Doing all of this manually would have been a nightmare. That’s when I decided to explore the REST and GraphQL APIs. Both are incredibly powerful, but they serve slightly different purposes. The REST API is great for simpler queries, while the GraphQL API is perfect for fetching complex, nested data in a single request (just like grandpa used to).
Getting Started
The first step was to authenticate with the GitHub API. GitHub provides several ways to authenticate:
- Personal Access Tokens (PAT): Easy to generate and use for personal projects.
- OAuth Apps: For third-party integrations.
- GitHub Apps: For more advanced use cases, like building bots or integrations.
I started with a Personal Access Token because it was quick and easy. I generated a token with the necessary permissions (repo, user, admin:org, etc.) and started making requests.

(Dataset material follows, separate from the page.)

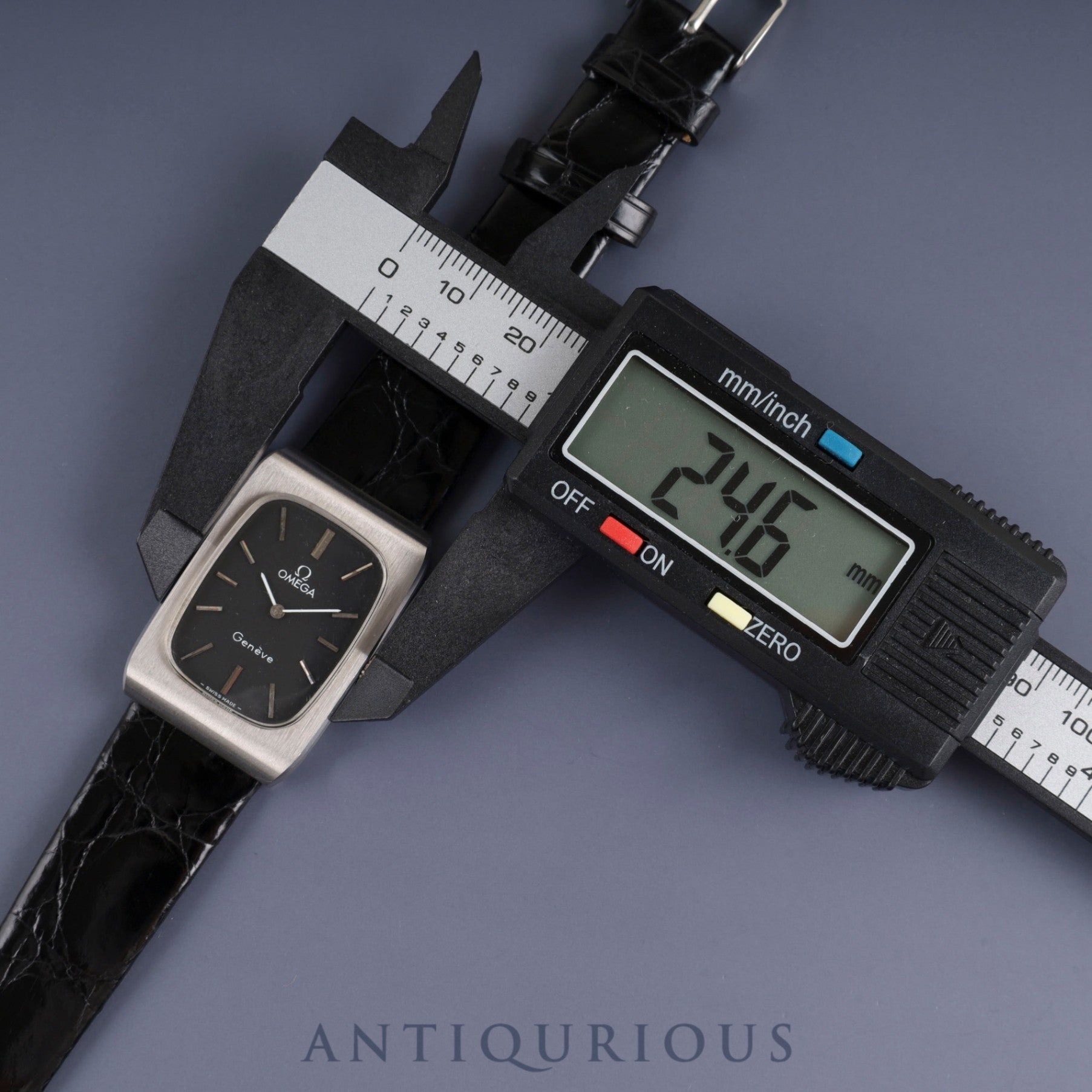 オメガ ジュネーブ 511.0469 手巻き SS 革 社外尾錠 (SS)ブラック文字盤 オーバーホール済み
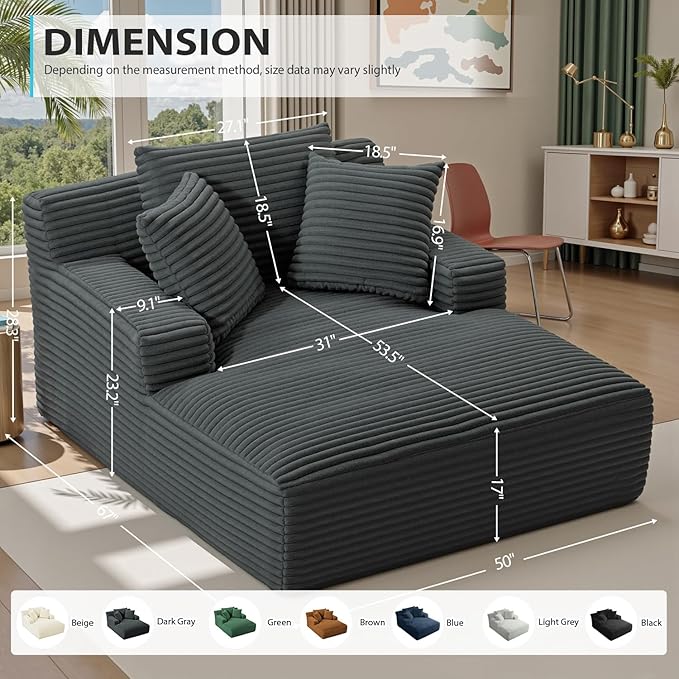 67 Inch Chaise Lounge Chair Indoor Oversized Corduroy Upholstered Boneless Sofa Bed Deep Seat Sleeper Couch Reading Chairs Cloud Sofas Couches for Living Room No Assembly Required (Dark Grey)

Example: Fetching Repository Data
async function getRepoData(owner, repo) {
const url = `https://api.github.com/repos/${owner}/${repo}`;
const response = await fetch(url, {
headers: {
Authorization: `Bearer ${process.env.GITHUB_TOKEN}`,
},
});
const data = await response.json();
return data;
}
(async () => {
const repoData = await getRepoData('Ebrahim-Ramadan', 'my-ass');
console.log(repoData);
})();
This script fetches details about a repository, such as its name, description, stars, forks, and more. As simple as it could be.
Automating Pull Request Reviews
One of the coolest things I built internally at Manara was a script to automate pull request reviews. The goal was to automatically label PRs based on their content and assign reviewers based on the files changed.
Step 1: Fetching Pull Requests
I used the GitHub REST API to fetch open pull requests:
async function getOpenPRs(owner, repo) {
const url = `https://api.github.com/repos/${owner}/${repo}/pulls`;
const response = await fetch(url, {
headers: {
Authorization: `Bearer ${process.env.GITHUB_TOKEN}`,
},
});
const prs = await response.json();
return prs;
}
Step 2: Analyzing PR Content
Next, I analyzed the PR content to determine the appropriate label and reviewers. For example, if the PR modified files in the frontend
directory, I labeled it as frontend
and assigned frontend developers as reviewers.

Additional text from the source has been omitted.